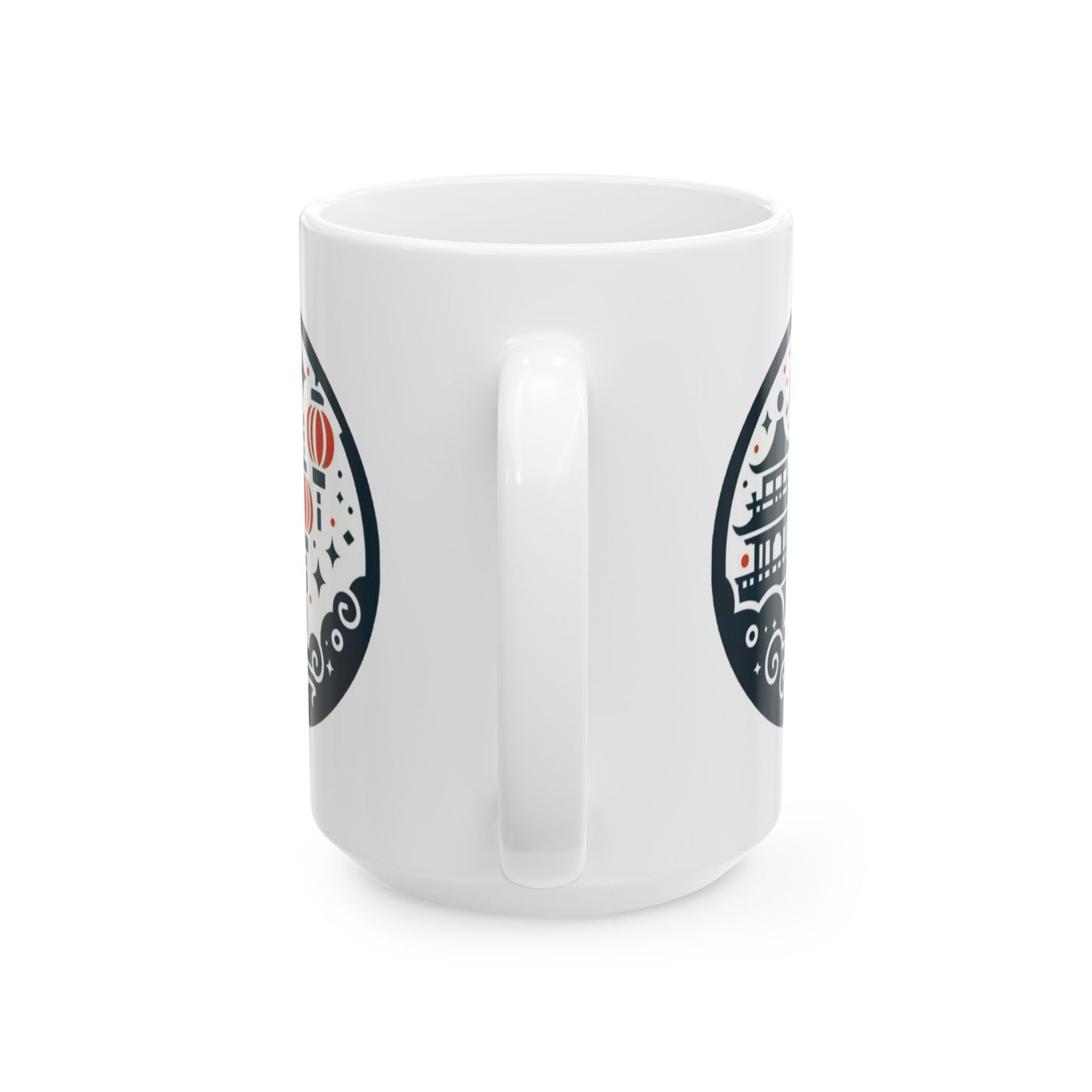 Lantern Festival Ceramic Mugs (11oz\15oz)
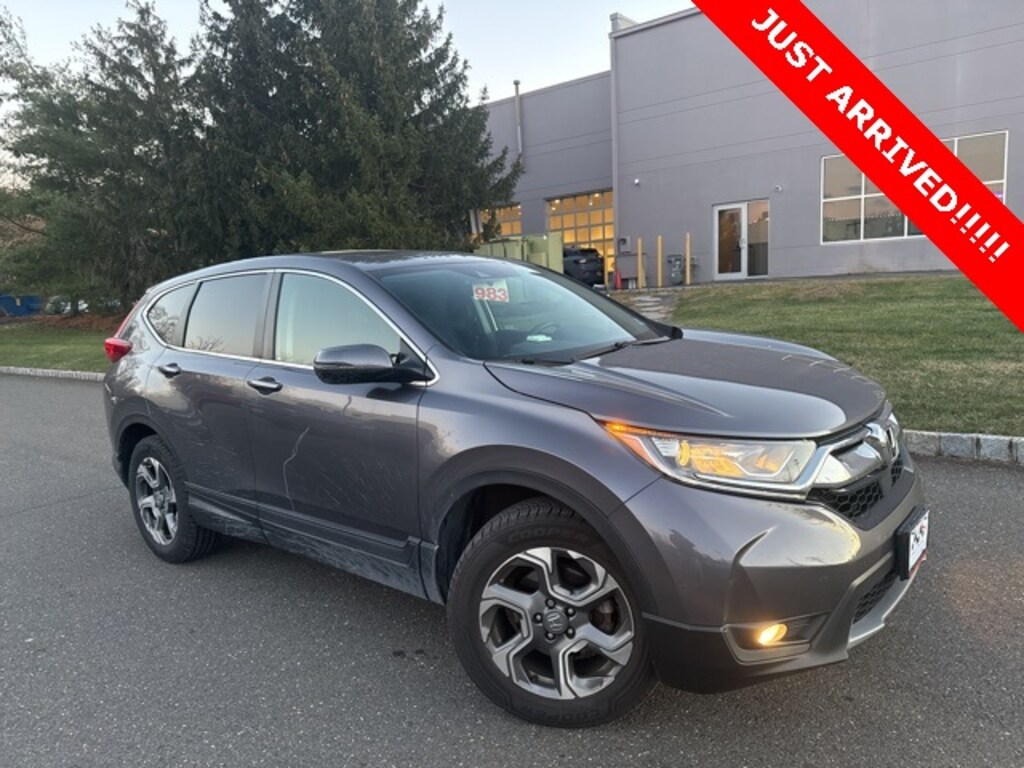 Certified 2019 Honda CR-V EX SUV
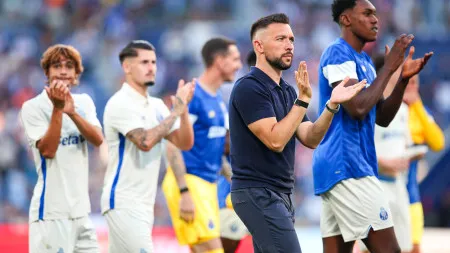 FC Porto em revolução procura quebrar 'jejum' de três temporadas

Task: Repeat the material above exactly. Leave every picture out of it.

Solution for this task:
 Lantern Festival Ceramic Mugs (11oz\15oz)
 Certified 2019 Honda CR-V EX SUV
 FC Porto em revolução procura quebrar 'jejum' de três temporadas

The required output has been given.